O barulho da broca de impacto ecoou pelo meu crânio, mais alto do que o trovão lá fora.

Eu estava presa debaixo de uma viga de concreto, com a perna direita esmagada.

Chovia torrencialmente, e a água gelada subia rapidamente, já me chegando à cintura.

O meu telemóvel estava a poucos centímetros de distância, com o ecrã estilhaçado mas ainda a funcionar.

Com a mão a tremer, disquei o número do meu marido, Pedro.

A chamada foi atendida quase instantaneamente.

Mas não foi a voz dele que ouvi.

"Cunhada, o Pedro está a conduzir, não pode atender agora. O que se passa?"

Era a voz da minha cunhada, Sofia. O tom dela era leve, quase alegre.

Tentei falar, mas a dor na minha perna era tão intensa que só consegui soltar um gemido.

"Alô? Estás aí? Se não é nada importante, vou desligar. Estamos quase a chegar ao hospital."

Hospital?

"Aconteceu alguma coisa?", consegui perguntar, com a voz rouca.

"Oh, não é grande coisa", disse ela, com uma risada abafada. "É só o meu cão, o Trovão, que comeu chocolate por engano. O Pedro está super preocupado, coitadinho. Insistiu em levá-lo ao veterinário de urgência."

O meu mundo parou.

"Sofia", disse eu, com a respiração ofegante. "Eu... eu estou presa. O prédio onde eu estava a fazer a vistoria... desabou."

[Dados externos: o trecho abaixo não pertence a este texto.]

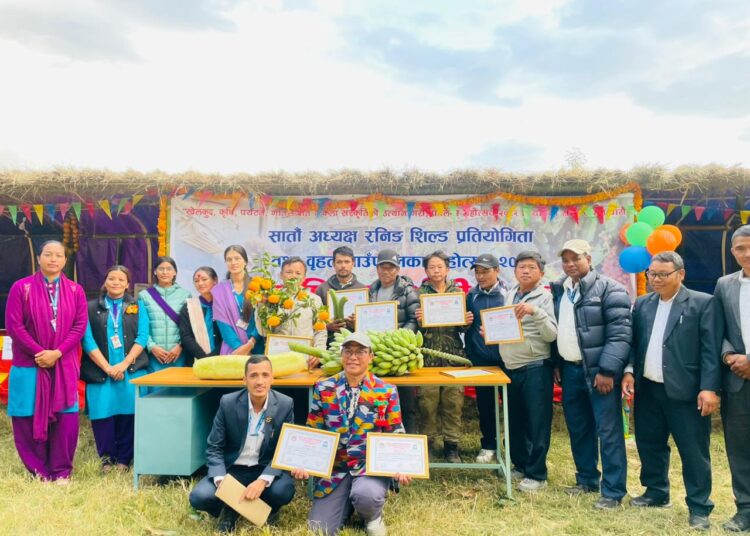 थुलुङ दुधकोशीले गर्यो कृषक सम्मानित, कृषक भन्छन– उत्साहका साथ कृषि पेसामा लाग्छौँ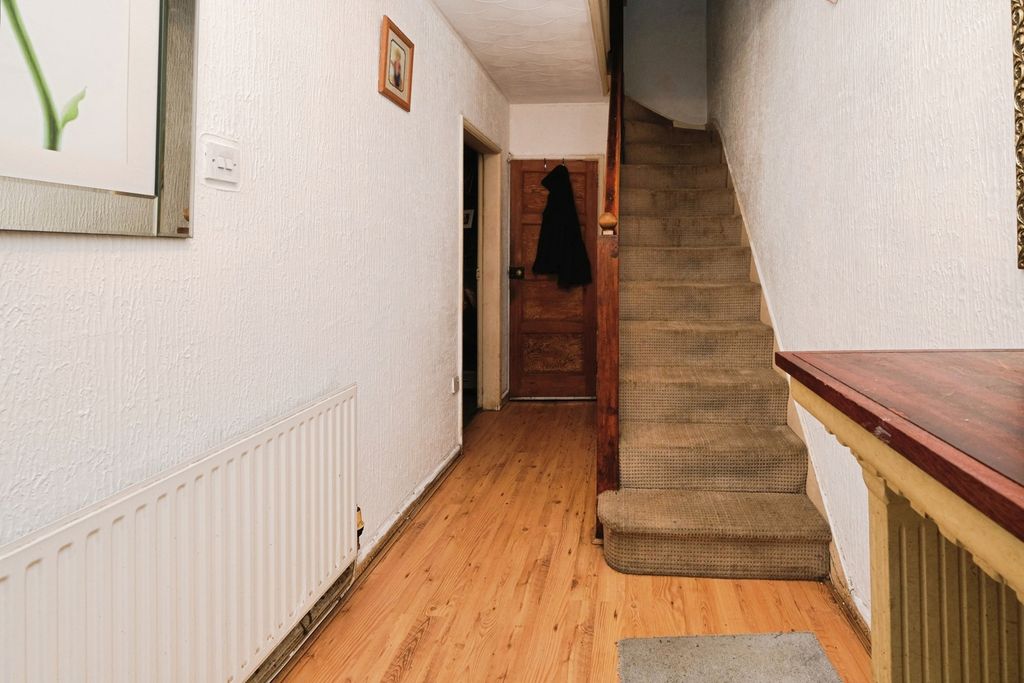 Property photo 2 of 17 Pbox-Img.Jpg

Silêncio do outro lado da linha.

Depois, ouvi a voz do meu marido ao fundo, impaciente. "Sofia, o que foi? Passa-me o telemóvel."

"Pedro!", gritei, usando toda a força que me restava. "Ajuda-me! Estou presa no estaleiro da Rua das Flores! O prédio ruiu!"

A resposta dele foi fria como o aço.

"Helena, para de fazer drama. Estás a brincar numa altura destas? Estou ocupado."

"Não estou a brincar!", a minha voz falhou, misturando-se com o som da chuva. "A minha perna está esmagada, a água está a subir!"

"Já te disse que estou ocupado! O Trovão está a passar mal! Liga para os bombeiros, eles são pagos para isso."

E desligou.

O som do "tu-tu-tu" foi mais devastador do que o barulho do desabamento.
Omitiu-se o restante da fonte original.